Comment 5 Frank Ch. Eigler 2017-05-02 17:37:31 UTC
Ken, thanks for looking in on this problem.

Indeed, the input archives are long gone, but they were created via pmmgr's invocations of pmlogger / pmlogcheck / pmlogrewrite (just because) / pmlogextract (to merge archives from a given day, and to age out too-old data) / pmlogreduce (some weeks later).  Fairly vanilla stuff; if you run a pmmgr with "-v -v", you'll see the exact operations in pmmgr.log.

With a little scan, I can find no other archives with this sort of log-label vs. first-real-entry timestamp glitch.  (I have just one with a loglabel-to-pmresult timestamp mismatch, and that is with a <mark> with its 0.001s offset.)

Would it be worth adding a pmlogcheck test to detect this case?
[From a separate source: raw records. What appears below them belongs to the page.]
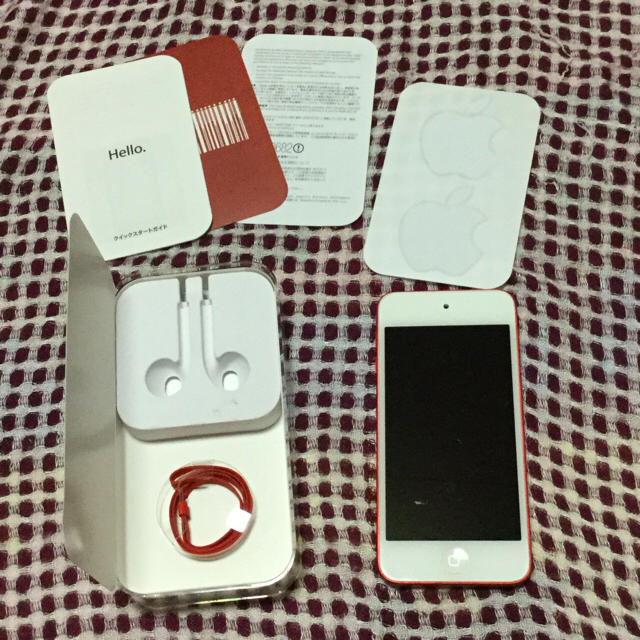 iPod touch(アイポッドタッチ)の【モサリサ様専用】ipod touch 第5世代 64GB RED スマホ/家電/カメラのオーディオ機器(ポータブルプレーヤー)の商品写真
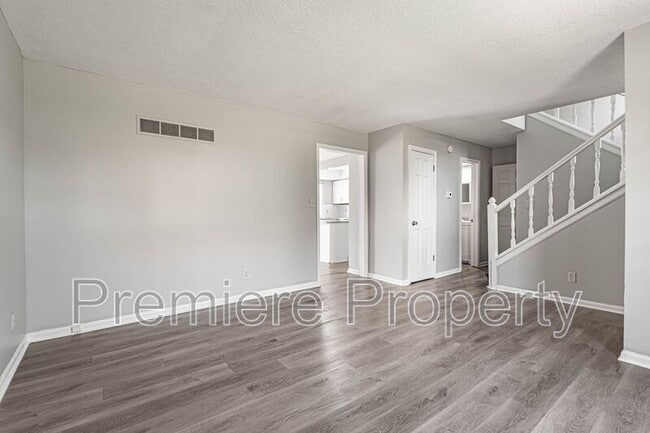 Building Photo - 6202 E 129 St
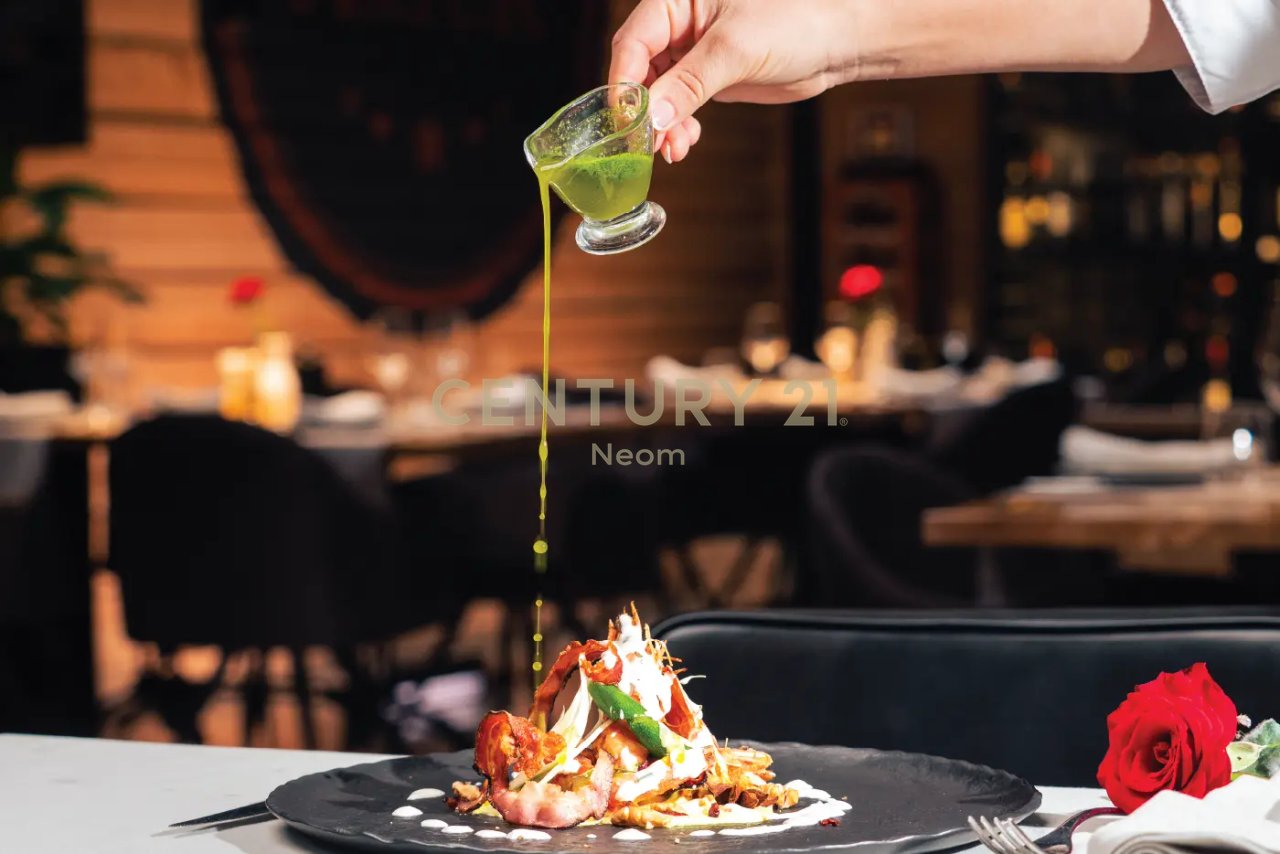 QIRA, BAR-RESTAURANT ENVIRONMENT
Comment 6 Fedora End Of Life 2017-11-16 18:31:11 UTC
This message is a reminder that Fedora 25 is nearing its end of life.
Approximately 4 (four) weeks from now Fedora will stop maintaining
and issuing updates for Fedora 25. It is Fedora's policy to close all
bug reports from releases that are no longer maintained. At that time
this bug will be closed as EOL if it remains open with a Fedora  'version'
of '25'.

Package Maintainer: If you wish for this bug to remain open because you
plan to fix it in a currently maintained version, simply change the 'version'
to a later Fedora version.

Thank you for reporting this issue and we are sorry that we were not
able to fix it before Fedora 25 is end of life. If you would still like
to see this bug fixed and are able to reproduce it against a later version
of Fedora, you are encouraged  change the 'version' to a later Fedora
version prior this bug is closed as described in the policy above.

Although we aim to fix as many bugs as possible during every release's
lifetime, sometimes those efforts are overtaken by events. Often a
more recent Fedora release includes newer upstream software that fixes
bugs or makes them obsolete.

Comment 7 Fedora End Of Life 2018-02-20 15:28:18 UTC
This bug appears to have been reported against 'rawhide' during the Fedora 28 development cycle.
Changing version to '28'.

Comment 8 Nathan Scott 2019-03-05 03:33:34 UTC
Closing as per Ken's notes in #c3 - "Given the archive, the results are as expected."